INDONESIA. Giacarta pronta ricevere i sopravvissuti ISIS di Baghouz

200

L’antiterrorismo indonesiano ha detto di essere pronta a consentire a centinaia di combattenti dello Stato islamico catturati e alle loro famiglie di tornare in patria, con una condizione significativa: devono rinunciare all’ideologia radicale che li ha portati in primo luogo in Siria e in Iraq.

I controlli avranno luogo in Siria, ma il direttore della National Counter Terrorism Agency, Bnpt, Suhardi Alius, ha riconosciuto che non sarà facile, dicendo che l’influenza delle donne in particolare non può essere sottovalutata, riporta Asia Times.

Il Consiglio di sicurezza delle Nazioni Unite ha messo in guardia all’inizio di quest’anno sul pericolo di presumere che gli uomini che ritornano siano una minaccia per la sicurezza più alta delle donne: «Le donne svolgono un ruolo importante nel reclutamento e nella propaganda di Isis (…) anche se non combattono, possono comunque diffondere idee radicali e incoraggiare altri a commettere attacchi».

Diversi paesi occidentali, tra cui Francia, Gran Bretagna e Paesi Bassi, hanno cercato di evitare le responsabilità giuridico politiche per i loro cittadini arrestati in Siria e in Iraq, insistendo sul fatto che le sfide logistiche e i rischi per la sicurezza rendono quasi impossibile per loro offrire qualsiasi aiuto.

Altri, come la Turchia, il Kosovo, la Russia e gli Stati dell’Asia centrale, come Kazakistan, Uzbekistan, Tagikistan, hanno già rimpatriato centinaia di ex mujahidin Isis, anche se non sono poi stati così trasparenti nel mostrare cosa succede loro dopo il loro arrivo in patria.

Sono circa 200 tra donne e bambini indonesiani presenti nell’affollato campo profughi di Al Hol vicino al confine tra Siria e Turchia, il Bnpt non ha ancora una stima chiara di quanti indonesiani vi siano tra i mille militanti stranieri detenuti dalle sole Sdf, Forze democratiche siriane.

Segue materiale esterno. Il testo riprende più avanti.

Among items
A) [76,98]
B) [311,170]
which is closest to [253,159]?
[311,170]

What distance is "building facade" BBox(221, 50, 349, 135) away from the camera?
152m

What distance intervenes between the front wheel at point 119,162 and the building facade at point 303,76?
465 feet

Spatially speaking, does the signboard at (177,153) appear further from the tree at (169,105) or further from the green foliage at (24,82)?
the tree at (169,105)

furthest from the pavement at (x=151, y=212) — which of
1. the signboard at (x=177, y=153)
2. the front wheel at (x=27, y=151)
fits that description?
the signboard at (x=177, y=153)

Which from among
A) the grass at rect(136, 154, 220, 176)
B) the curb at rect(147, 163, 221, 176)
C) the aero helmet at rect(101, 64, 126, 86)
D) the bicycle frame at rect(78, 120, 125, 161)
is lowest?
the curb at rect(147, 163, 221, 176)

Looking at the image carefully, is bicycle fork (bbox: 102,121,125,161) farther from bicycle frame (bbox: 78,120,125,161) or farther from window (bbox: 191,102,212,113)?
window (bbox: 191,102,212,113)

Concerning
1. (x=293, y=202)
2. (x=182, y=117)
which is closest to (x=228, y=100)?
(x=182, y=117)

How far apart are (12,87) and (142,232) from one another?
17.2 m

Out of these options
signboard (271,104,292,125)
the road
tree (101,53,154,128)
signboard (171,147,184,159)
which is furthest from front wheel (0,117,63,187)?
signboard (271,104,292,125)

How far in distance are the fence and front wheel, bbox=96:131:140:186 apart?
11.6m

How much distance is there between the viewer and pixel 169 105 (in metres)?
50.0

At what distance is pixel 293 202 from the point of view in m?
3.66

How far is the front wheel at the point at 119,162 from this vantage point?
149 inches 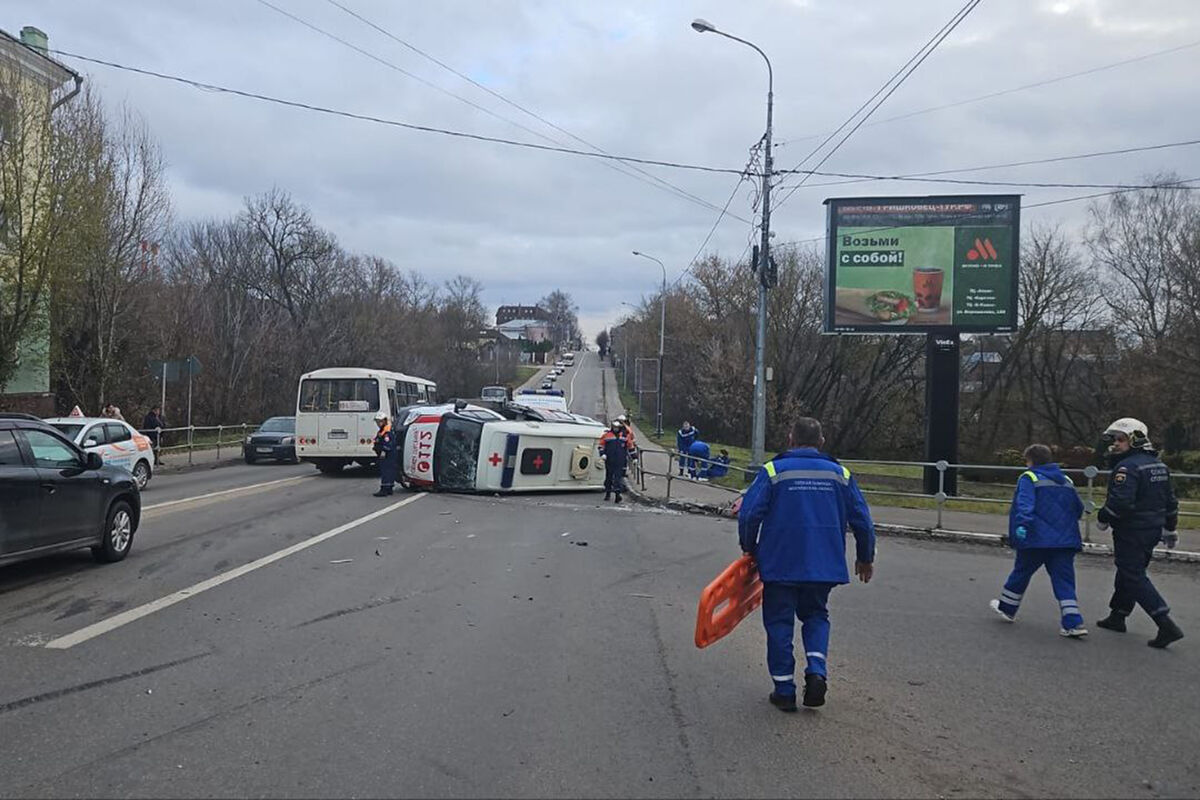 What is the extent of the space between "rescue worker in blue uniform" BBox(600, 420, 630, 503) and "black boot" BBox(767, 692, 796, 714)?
498 inches

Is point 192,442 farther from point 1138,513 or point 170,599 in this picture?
point 1138,513

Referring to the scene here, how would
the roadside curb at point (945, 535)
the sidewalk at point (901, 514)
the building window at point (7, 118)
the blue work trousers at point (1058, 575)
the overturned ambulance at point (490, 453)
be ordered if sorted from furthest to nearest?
the building window at point (7, 118), the overturned ambulance at point (490, 453), the sidewalk at point (901, 514), the roadside curb at point (945, 535), the blue work trousers at point (1058, 575)

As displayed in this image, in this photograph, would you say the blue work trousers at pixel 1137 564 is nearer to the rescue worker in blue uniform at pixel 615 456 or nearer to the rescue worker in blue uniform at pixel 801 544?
the rescue worker in blue uniform at pixel 801 544

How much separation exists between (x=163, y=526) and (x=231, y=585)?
478cm

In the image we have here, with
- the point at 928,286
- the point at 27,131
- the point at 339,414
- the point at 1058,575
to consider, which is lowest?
the point at 1058,575

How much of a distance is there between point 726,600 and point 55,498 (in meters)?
6.57

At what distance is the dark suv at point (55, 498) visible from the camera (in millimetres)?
7914

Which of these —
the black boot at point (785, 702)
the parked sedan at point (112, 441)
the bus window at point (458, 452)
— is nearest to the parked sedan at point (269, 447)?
→ the parked sedan at point (112, 441)

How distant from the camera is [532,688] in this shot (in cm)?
550

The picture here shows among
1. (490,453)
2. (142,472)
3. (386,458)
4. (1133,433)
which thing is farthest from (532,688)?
(142,472)

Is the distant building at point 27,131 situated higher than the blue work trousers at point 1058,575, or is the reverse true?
the distant building at point 27,131

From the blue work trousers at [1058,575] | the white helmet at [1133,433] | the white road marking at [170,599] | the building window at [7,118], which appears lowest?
the white road marking at [170,599]

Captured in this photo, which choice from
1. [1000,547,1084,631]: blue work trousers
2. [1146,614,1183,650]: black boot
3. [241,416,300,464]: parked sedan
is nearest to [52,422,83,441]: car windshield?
[241,416,300,464]: parked sedan

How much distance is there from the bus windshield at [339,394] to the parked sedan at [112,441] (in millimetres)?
4465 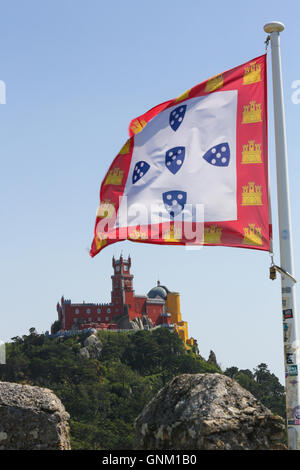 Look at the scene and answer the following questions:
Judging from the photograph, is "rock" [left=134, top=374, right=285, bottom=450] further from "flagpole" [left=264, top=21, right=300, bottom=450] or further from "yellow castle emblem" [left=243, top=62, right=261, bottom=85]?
"yellow castle emblem" [left=243, top=62, right=261, bottom=85]

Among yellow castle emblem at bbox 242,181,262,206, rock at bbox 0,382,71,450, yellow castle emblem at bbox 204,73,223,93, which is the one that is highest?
yellow castle emblem at bbox 204,73,223,93

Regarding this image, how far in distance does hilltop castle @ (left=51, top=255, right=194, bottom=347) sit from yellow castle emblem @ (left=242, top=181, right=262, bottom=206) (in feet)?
277

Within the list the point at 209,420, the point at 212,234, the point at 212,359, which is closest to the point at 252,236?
the point at 212,234

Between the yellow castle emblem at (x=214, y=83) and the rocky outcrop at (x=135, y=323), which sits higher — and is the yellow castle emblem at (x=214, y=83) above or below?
below

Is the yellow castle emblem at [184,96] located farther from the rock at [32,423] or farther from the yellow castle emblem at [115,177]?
the rock at [32,423]

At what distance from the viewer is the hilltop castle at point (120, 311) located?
308 ft

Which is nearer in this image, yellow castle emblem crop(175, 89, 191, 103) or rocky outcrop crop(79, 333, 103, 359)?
yellow castle emblem crop(175, 89, 191, 103)

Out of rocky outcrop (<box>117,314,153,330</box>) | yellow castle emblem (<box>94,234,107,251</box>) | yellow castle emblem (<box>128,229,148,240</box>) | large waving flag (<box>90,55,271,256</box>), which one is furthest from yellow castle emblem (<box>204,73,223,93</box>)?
rocky outcrop (<box>117,314,153,330</box>)

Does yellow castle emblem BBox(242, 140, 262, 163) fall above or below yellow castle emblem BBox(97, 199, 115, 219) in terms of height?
above

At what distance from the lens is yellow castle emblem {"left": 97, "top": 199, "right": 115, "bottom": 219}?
9.72m

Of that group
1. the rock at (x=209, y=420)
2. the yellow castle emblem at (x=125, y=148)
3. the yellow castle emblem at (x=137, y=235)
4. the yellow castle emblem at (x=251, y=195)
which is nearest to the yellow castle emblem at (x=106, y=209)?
the yellow castle emblem at (x=137, y=235)

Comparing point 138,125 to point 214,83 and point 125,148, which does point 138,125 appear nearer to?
point 125,148

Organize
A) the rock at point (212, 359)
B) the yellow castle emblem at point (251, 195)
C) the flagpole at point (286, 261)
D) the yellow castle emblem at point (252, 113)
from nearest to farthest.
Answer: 1. the flagpole at point (286, 261)
2. the yellow castle emblem at point (251, 195)
3. the yellow castle emblem at point (252, 113)
4. the rock at point (212, 359)

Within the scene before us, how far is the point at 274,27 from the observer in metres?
9.22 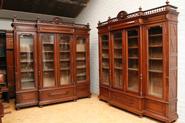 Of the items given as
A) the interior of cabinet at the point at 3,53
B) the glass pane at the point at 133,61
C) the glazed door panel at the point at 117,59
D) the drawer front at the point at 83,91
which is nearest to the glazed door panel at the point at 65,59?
the drawer front at the point at 83,91

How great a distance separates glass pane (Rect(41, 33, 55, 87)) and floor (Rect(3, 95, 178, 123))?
27.3 inches

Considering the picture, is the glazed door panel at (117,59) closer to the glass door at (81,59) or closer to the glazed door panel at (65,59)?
the glass door at (81,59)

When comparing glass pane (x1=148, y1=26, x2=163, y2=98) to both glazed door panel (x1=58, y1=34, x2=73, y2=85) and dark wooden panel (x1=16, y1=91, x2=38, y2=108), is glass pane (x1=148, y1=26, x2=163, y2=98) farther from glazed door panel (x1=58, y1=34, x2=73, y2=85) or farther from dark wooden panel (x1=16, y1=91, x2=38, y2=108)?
dark wooden panel (x1=16, y1=91, x2=38, y2=108)

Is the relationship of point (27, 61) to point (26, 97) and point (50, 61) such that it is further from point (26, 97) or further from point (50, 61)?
point (26, 97)

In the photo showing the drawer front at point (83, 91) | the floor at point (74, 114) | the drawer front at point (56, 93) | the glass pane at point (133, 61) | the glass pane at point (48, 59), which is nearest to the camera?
the floor at point (74, 114)

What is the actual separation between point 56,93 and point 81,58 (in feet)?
4.25

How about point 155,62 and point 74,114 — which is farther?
point 74,114

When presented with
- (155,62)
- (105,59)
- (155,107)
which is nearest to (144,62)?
(155,62)

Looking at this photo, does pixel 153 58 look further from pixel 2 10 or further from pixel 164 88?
pixel 2 10

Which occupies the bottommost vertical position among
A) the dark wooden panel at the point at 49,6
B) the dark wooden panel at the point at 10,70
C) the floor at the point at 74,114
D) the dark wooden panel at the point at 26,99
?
the floor at the point at 74,114

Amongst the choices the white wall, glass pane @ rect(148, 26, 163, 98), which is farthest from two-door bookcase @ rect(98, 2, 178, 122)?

Più di 120 terroristi indonesiani sono morti nel conflitto in Iraq e Siria dal 2014, ma l’Institute for Policy Analysis of Conflict, Ipac di Giacarta, ritiene che altri 200 uomini, non tutti combattenti, siano nelle prigioni curde.

Il Ministero degli Esteri indonesiano non ha alcuna registrazione di indonesiani processati in Iraq, dove i tribunali hanno già condannato a morte o a pesanti pene detentive più di 500 combattenti stranieri.

La maggior parte delle donne e dei bambini indonesiani del campo di Al Hol proveniva dalla città siriana di Baghouz, ultima roccaforte Isis. Dopo aver venduto tutte le loro proprietà, molti dei detenuti indonesiani hanno bruciato anche i loro passaporti una volta arrivati in Siria, fatto che li ha resi  ufficialmente apolidi fino a quando le autorità non hanno potuto controllare i loro certificati di nascita e rintracciare i familiari per verificare la loro identità. 

Il governo indonesiano ha istituito uffici di collegamento della polizia ad Ankara e Damasco e ha chiesto alle autorità turche di mettere i detenuti indonesiani su voli diretti a Giacarta, in modo che non potessero scendere in diversi punti di transito e rientrare in patria senza essere scoperti.

I servizi segreti prevedono che ben 500 indonesiani potrebbero rimanere in Siria, ma si ritiene che un numero imprecisato di militanti che non desiderano tornare a casa abbia attraversato la Turchia e l’Iraq per raggiungere l’Iran mentre si dirigevano in Afghanistan per unirsi a Isis nel Khorasan. Per quanto riguarda i rimpatriati, la sicurezza rimane la priorità numero uno dato che un detenuto è stato coinvolto negli attentati suicidi di Surabaya dell’anno scorso, che hanno fatto 28 vittime.

Molti indonesiani sono tornati a casa dal Medio Oriente delusi e senza un soldo dopo essere stati attratti dall’illusione di difendere un califfato e di essere accolti con privazioni e brutalità su una scala per la quale erano impreparati.

Le cellule ISIS rimangono attive in tutta l’Indonesia. Solo il mese scorso, l’unità antiterrorismo Detachment 88 ha bloccato un piano di Jamaah Ansharut Daulah, Jad, per compiere attentati suicidi durante le manifestazioni a Giacarta contro presunte frodi elettorali nelle elezioni presidenziali di aprile.